• **RECORDS FOR THE EXERCISE**
####################

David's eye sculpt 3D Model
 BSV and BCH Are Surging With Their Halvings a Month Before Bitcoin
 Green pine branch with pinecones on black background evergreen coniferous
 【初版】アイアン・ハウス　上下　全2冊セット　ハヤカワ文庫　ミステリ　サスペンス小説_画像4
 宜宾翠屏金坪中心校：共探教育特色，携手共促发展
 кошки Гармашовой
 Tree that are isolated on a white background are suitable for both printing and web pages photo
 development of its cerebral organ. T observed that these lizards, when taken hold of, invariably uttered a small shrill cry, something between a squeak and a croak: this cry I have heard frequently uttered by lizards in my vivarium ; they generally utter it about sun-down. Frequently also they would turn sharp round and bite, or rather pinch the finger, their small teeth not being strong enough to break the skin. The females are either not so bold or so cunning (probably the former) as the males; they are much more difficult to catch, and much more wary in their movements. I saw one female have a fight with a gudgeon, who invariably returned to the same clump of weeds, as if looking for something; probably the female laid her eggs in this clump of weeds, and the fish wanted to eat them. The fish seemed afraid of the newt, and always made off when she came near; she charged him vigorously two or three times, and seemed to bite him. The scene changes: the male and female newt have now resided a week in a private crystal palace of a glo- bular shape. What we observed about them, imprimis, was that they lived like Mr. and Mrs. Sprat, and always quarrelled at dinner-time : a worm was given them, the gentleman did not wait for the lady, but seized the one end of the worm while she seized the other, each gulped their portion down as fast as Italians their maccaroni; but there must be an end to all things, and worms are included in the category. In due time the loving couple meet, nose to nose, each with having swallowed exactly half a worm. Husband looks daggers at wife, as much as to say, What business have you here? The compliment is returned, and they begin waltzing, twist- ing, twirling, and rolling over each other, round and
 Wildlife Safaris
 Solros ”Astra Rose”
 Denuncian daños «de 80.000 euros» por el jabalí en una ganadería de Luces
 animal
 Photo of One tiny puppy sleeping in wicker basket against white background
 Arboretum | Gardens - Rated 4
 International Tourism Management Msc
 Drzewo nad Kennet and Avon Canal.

####################

• **PROBLEM DETAILS**
Transcribe exactly, and only, the lines from the one bearing "International Tourism Management Msc" through the last line of the entries, counting both.

• **OUTPUT FOR THIS TASK**
 International Tourism Management Msc
 Drzewo nad Kennet and Avon Canal.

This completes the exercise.